Année séculaire, c’est la même chose qu’un Jubilé. Voyez Jubilé. (G)

Cet article traduit de Chambers, & augmenté, a été tiré par l’auteur Anglois des élémens de Chronologie de M. Wolf.

AN ET JOUR, en Droit, &c. est un tems qui détermine le droit d’une personne dans bien des cas, & qui quelquefois opere l’usucapion, & quelquefois la prescription. Voyez Prescription, &c.

Par exemple, la possession pendant an & jour opere une fin de non-recevoir contre le propriétaire qui réclame des effets mobiliaires. Elle opere aussi en faveur du possesseur qui a détenu pendant ce tems un héritage, le droit de se faire maintenir en ladite possession, par la complainte, ou action de reintégrande. Voyez Complainte & Reintegrande. Voyez le titre des prescriptions dans la Coûtume de Paris.

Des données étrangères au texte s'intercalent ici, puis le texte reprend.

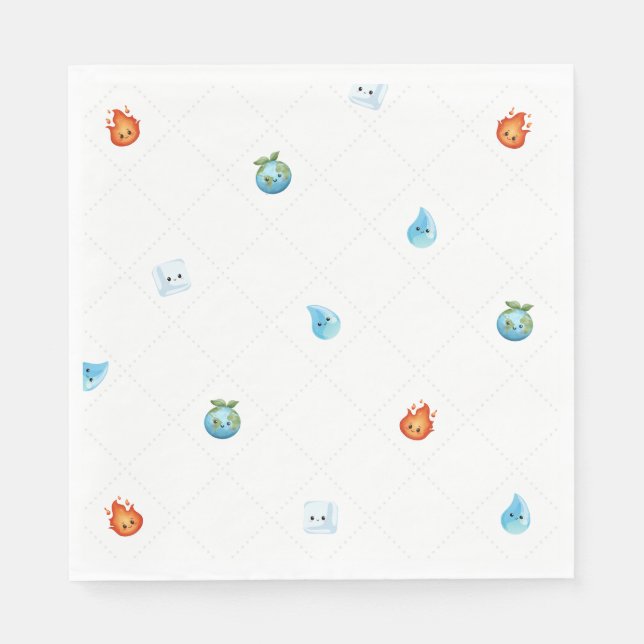 Servilleta De Papel Uno con los elementos primer cumpleaños (Anverso)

L’an & jour en matiere de retrait, est le tems accordé aux lignagers, pour retraire un héritage propre qui a été aliéné, & au-de-là duquel le retrait n’est plus praticable. Ce tems court même contre les mineurs, sans espérance de restitution. V. Lignager.

An de deuil. Voyez Deuil.

An de viduité. Voyez Viduité ou Deuil.

ANA, (Pharm.) caractere usité dans les ordonnances de Medecine, qu’on écrit aussi par abbréviation aa ; il désigne dans une recette ou dans une ordonnance, des parties égales d’ingrédiens, soit que ces ingrédiens soient liquides ou secs. Voyez A. Ainsi quelques Auteurs ont dit une proportion anatique, pour signifier raison ou proportion d’égalité. Voyez Egalité, Raison, &c. (N)

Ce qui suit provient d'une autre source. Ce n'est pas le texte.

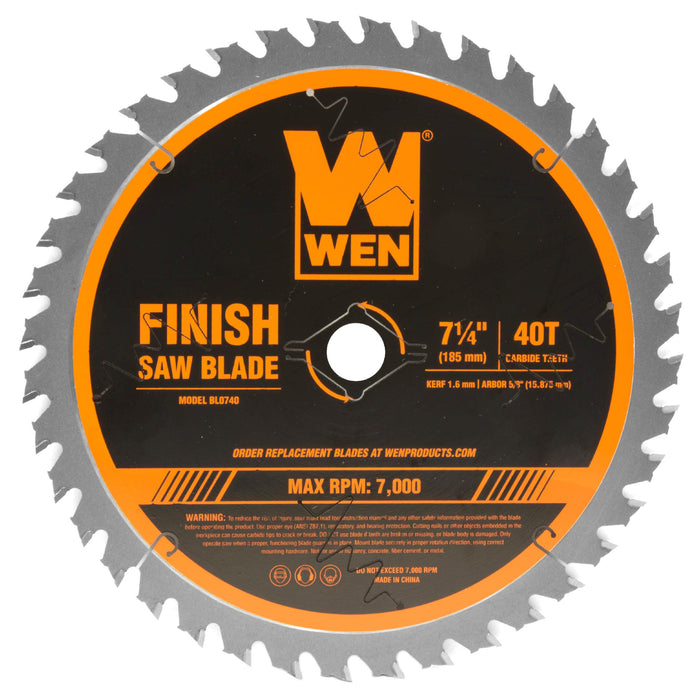 WEN BL0740 7.25-Inch 40-Tooth Carbide-Tipped Professional Finish Saw Blade for Miter Saws and Circular Saws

* ANA, ville d’Asie, dans l’Arabie deserte, sur l’Euphrate. Long. 60. 20. lat. 33. 25.[1]

* ANAB, (Géog. anc.) montagne dans la Tribu de Juda, au pié de laquelle il y avoit une ville du même nom, entre Dabet & Istamo. V. Jos. xj.

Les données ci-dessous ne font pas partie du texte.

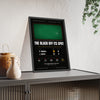 The Black Off Its Spot 1994 Snooker print framed and leaning on a sideboard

* ANABAGATHA, (Géog. anc.) ancienne ville d’Asie, sous le Patriarchat d’Antioche. Voyez Aubert le Mire, in Géog. eccles. not.

* ANABAO, (Géog. mod.) une des îles Moluques, au sud-ouest de Timor. Anabao & Timor sont séparées par un canal qui peut recevoir tous les vaisseaux. Il y a deux pointes à l’extrémité du canal ; celle qui est du côté méridional, & qui s’appelle Cupang, appartient à Timor ; celle qui est sur le côté septentrional est à Anabao.

ANABAPTISME, hérésie des Anabaptistes. Voyez l’article suivant.

ANABAPTISTES, s. m. plur. (Théol.) secte d’hérétiques qui soûtiennent qu’il ne faut pas baptiser les enfans avant l’âge de discrétion, ou qu’à cet âge on doit leur réitérer le baptême, parce que selon eux ces enfans doivent être en état de rendre raison de leur foi, pour recevoir validement ce sacrement.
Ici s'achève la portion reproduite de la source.